I believe the base cause of inflation is the government deficit spending.  It puts more dollars into circulation with no more goods or services to spend them on, so of course prices go up.  A quote from the article:

_Equipped with one of her easy-to-read, data-filled posters, Porter got Konczal to admit that surging corporate profits are forcing American consumers to pay significantly more for goods and services._

I am sure much of corporate America supports the surplus spending and is taking maximum advantage of it, hence the higher profits.  However they could not get away with that had our government not handed out all those dollars.


----------



## dseag2 (Oct 20, 2022)

Home prices are already falling in over-inflated cities like Seattle.  We are now also seeing more real estate inventory on the market here in Dallas.  As the Fed has raised interest rates and mortgage interest rates have increased, there are fewer people in the market for homes.  The following article was on Marketwatch.
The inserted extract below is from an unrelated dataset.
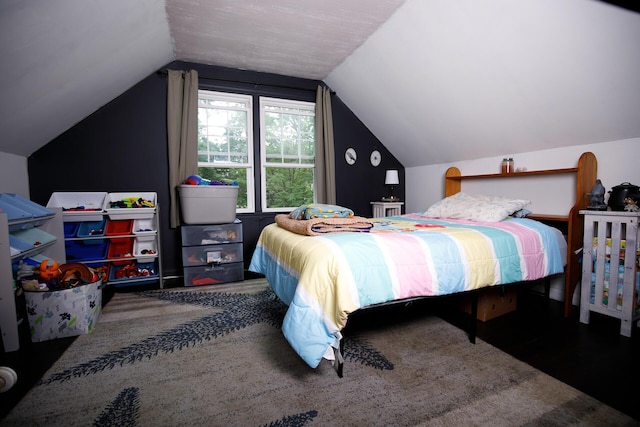 17 Duncan Rd, Augusta, ME 04330 - bedroom featuring vaulted ceiling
When will house prices drop? These economists say prepare for a ‘prolonged slowdown’ — and big declines in home values​Last Updated: Oct. 17, 2022 at 12:23 p.m. ETFirst Published: Oct. 10, 2022 at 10:47 a.m. ET
By 
Aarthi Swaminathan​

Most economists are forecasting home-price appreciation to slow, with others predicting deeper price drops
Mortgage rates are at multi-decade highs, making home ownership more expensive for Americans.​
The real-estate market is taking a beating, with mortgage rates surpassing 7%.

“Rates are still rising, and will continue to rise here on out,” Christine Cooper, chief U.S. economist and managing director at CoStar Group, told MarketWatch in an interview.
But with home prices continuing to be elevated, that has really hurt affordability, she added, and pushed buyers out, which will hurt home sales.

And “it’s going to continue until we’re gonna see some price declines,” Cooper said. “And we’re seeing signs already.” 
Sellers were holding out hope that the situation may improve, Ali Wolf, chief economist at Zonda Research, a housing market-research platform, told MarketWatch in an interview on the Barron’s Live podcast.
“What we’re hearing from the sellers’ side is that they definitely feel nervous that they’ve seen demand fall off,” Wolf said.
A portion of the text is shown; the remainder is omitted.